La Jeunesse socialiste jurassienne indignée par le nouveau « scandale des fiches »


Jumelles, image d'illustration

Comme la révélée la presse suisse alémanique, le Service de renseignement de la Confédération (SRC) est empêtré dans un nouveau « scandale des fiches ». En effet, plusieurs camarades suisses allemand-e-s se sont vu-e-s mis-e-s sous surveillance par le SRC ainsi que la Jeunesse socialiste du Canton de Berne. Ces informations confirment les craintes que la Jeunesse socialiste avait émises au sujet de la nouvelle loi fédérale sur le renseignement, qu’elle avait combattue par référendum.
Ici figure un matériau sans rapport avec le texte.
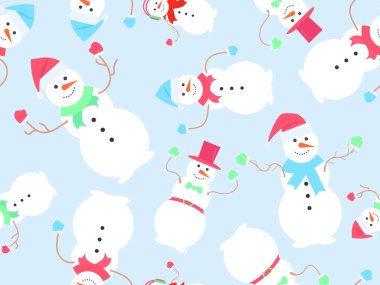 Kardan adam kusursuz desen. Takım elbise için şapka, eşarp, eldiven, kulaklık ve papyon takan kardan adamlar. Üç kardan yapılmış kardan adam. Pankart ve poster için Xmas tasarımı. Vektör illüstrasyonu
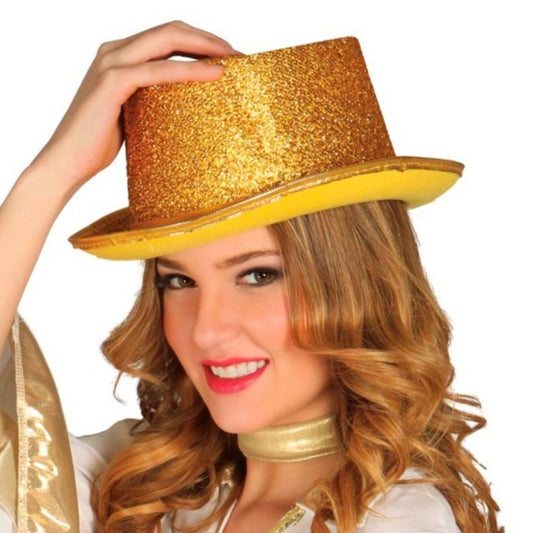 Chapeau haut-de-forme Doré Scintillant Deluxe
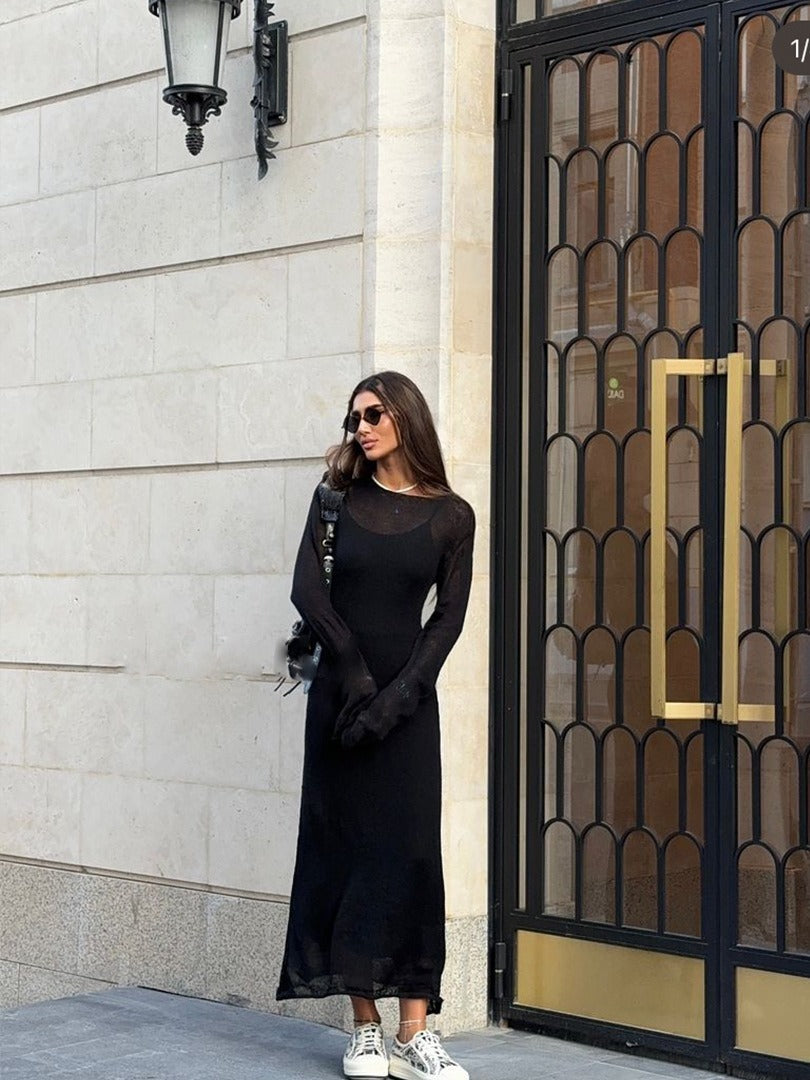 Sheer Knit Maxi Dress Set Long Sleeve Overlay with Slip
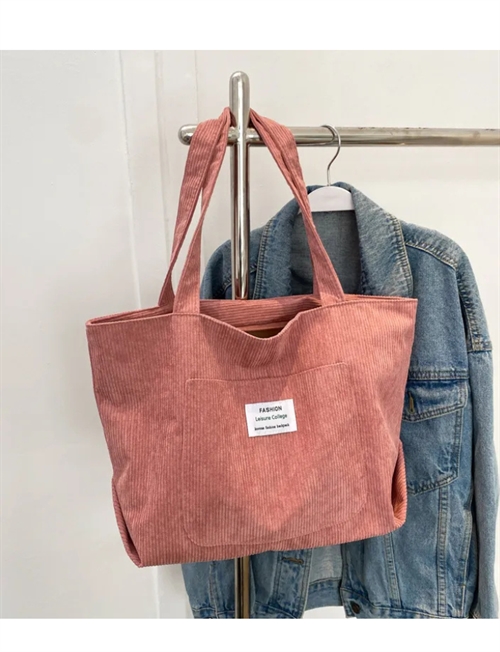 Fiona | lyserød fløjls shopping bag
Le SRC a de toute évidence agi en violation de la loi sur le renseignement, qui en son article 5, alinéa 5, indique « Il [le SRC] ne recherche ni ne traite aucune information relative aux activités politiques ou à l'exercice de la liberté d'opinion, d'association ou de réunion en Suisse. » Cette affaire est d’autant plus scandaleuse qu’il a récemment été révélé que des groupuscules néonazis agissaient sur Facebook au vu et au su du Service de renseignement de la Confédération, sans que ce dernier ne réagisse pour autant. Pour le SRC surveiller un parti de jeunes voulant dépasser par la démocratie le capitalisme est plus pertinent que de surveiller des activistes d’extrêmes droites suprématistes et violent-e-s. Le SRC peut donc sans autre désormais être qualifié de menace pour les droits humains et la démocratie en Suisse. Il est urgemment temps de le rendre transparent et de lui faire comprendre que son rôle n’est pas de surveiller les forces progressistes et de gauche du pays. La JSJ est solidaire avec ses camarades surveillé-e-s et la section bernoise et se battra pour que ces dernier-ières obtiennent excuses et réparations. De son côté, la JSJ et ses membres lanceront des démarches auprès du SRC pour savoir si elles/ils n’ont pas été également placé-e-s sous surveillance.